Keeping every word intact, reproduce all of the records.

(Scraped caption text data)
★ ★ ★ ★ ★ ★ ★

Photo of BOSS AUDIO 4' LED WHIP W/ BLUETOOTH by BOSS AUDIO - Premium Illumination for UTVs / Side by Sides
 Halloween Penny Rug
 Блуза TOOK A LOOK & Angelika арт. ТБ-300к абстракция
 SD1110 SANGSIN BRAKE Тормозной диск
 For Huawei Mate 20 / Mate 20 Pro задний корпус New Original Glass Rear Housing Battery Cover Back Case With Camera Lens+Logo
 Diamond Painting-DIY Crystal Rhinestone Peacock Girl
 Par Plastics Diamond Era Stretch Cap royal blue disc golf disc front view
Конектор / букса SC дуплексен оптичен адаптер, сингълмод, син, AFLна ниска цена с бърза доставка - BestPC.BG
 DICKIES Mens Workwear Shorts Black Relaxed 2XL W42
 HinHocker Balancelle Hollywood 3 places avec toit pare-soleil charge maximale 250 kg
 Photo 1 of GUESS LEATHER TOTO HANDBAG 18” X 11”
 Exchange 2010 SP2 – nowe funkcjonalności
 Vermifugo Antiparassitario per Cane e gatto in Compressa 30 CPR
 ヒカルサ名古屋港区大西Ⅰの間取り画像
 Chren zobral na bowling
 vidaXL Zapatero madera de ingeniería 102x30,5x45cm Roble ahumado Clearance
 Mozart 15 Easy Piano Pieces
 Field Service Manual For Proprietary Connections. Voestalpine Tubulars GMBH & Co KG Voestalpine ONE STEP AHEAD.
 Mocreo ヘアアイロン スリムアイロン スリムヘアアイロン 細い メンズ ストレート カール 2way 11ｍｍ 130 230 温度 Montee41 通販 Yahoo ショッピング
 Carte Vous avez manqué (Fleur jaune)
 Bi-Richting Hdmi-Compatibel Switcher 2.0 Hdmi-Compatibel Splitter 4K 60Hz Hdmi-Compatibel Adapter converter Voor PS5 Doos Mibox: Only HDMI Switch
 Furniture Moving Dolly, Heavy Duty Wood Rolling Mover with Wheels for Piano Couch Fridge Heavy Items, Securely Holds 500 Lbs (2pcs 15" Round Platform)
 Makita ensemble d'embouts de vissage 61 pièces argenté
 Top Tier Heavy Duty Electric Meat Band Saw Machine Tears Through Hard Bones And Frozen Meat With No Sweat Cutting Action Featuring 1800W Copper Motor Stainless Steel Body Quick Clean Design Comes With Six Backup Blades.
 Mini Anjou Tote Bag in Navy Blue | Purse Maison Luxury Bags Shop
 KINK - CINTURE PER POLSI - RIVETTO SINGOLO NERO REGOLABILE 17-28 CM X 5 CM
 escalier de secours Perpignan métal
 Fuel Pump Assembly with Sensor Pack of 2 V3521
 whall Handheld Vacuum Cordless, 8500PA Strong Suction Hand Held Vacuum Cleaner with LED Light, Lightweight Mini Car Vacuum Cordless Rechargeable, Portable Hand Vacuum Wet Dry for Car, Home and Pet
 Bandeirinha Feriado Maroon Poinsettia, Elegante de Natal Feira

★ ★ ★ ★ ★ ★ ★

ANSWER FOR THE TASK:
Photo of BOSS AUDIO 4' LED WHIP W/ BLUETOOTH by BOSS AUDIO - Premium Illumination for UTVs / Side by Sides
 Halloween Penny Rug
 Блуза TOOK A LOOK & Angelika арт. ТБ-300к абстракция
 SD1110 SANGSIN BRAKE Тормозной диск
 For Huawei Mate 20 / Mate 20 Pro задний корпус New Original Glass Rear Housing Battery Cover Back Case With Camera Lens+Logo
 Diamond Painting-DIY Crystal Rhinestone Peacock Girl
 Par Plastics Diamond Era Stretch Cap royal blue disc golf disc front view
Конектор / букса SC дуплексен оптичен адаптер, сингълмод, син, AFLна ниска цена с бърза доставка - BestPC.BG
 DICKIES Mens Workwear Shorts Black Relaxed 2XL W42
 HinHocker Balancelle Hollywood 3 places avec toit pare-soleil charge maximale 250 kg
 Photo 1 of GUESS LEATHER TOTO HANDBAG 18” X 11”
 Exchange 2010 SP2 – nowe funkcjonalności
 Vermifugo Antiparassitario per Cane e gatto in Compressa 30 CPR
 ヒカルサ名古屋港区大西Ⅰの間取り画像
 Chren zobral na bowling
 vidaXL Zapatero madera de ingeniería 102x30,5x45cm Roble ahumado Clearance
 Mozart 15 Easy Piano Pieces
 Field Service Manual For Proprietary Connections. Voestalpine Tubulars GMBH & Co KG Voestalpine ONE STEP AHEAD.
 Mocreo ヘアアイロン スリムアイロン スリムヘアアイロン 細い メンズ ストレート カール 2way 11ｍｍ 130 230 温度 Montee41 通販 Yahoo ショッピング
 Carte Vous avez manqué (Fleur jaune)
 Bi-Richting Hdmi-Compatibel Switcher 2.0 Hdmi-Compatibel Splitter 4K 60Hz Hdmi-Compatibel Adapter converter Voor PS5 Doos Mibox: Only HDMI Switch
 Furniture Moving Dolly, Heavy Duty Wood Rolling Mover with Wheels for Piano Couch Fridge Heavy Items, Securely Holds 500 Lbs (2pcs 15" Round Platform)
 Makita ensemble d'embouts de vissage 61 pièces argenté
 Top Tier Heavy Duty Electric Meat Band Saw Machine Tears Through Hard Bones And Frozen Meat With No Sweat Cutting Action Featuring 1800W Copper Motor Stainless Steel Body Quick Clean Design Comes With Six Backup Blades.
 Mini Anjou Tote Bag in Navy Blue | Purse Maison Luxury Bags Shop
 KINK - CINTURE PER POLSI - RIVETTO SINGOLO NERO REGOLABILE 17-28 CM X 5 CM
 escalier de secours Perpignan métal
 Fuel Pump Assembly with Sensor Pack of 2 V3521
 whall Handheld Vacuum Cordless, 8500PA Strong Suction Hand Held Vacuum Cleaner with LED Light, Lightweight Mini Car Vacuum Cordless Rechargeable, Portable Hand Vacuum Wet Dry for Car, Home and Pet
 Bandeirinha Feriado Maroon Poinsettia, Elegante de Natal Feira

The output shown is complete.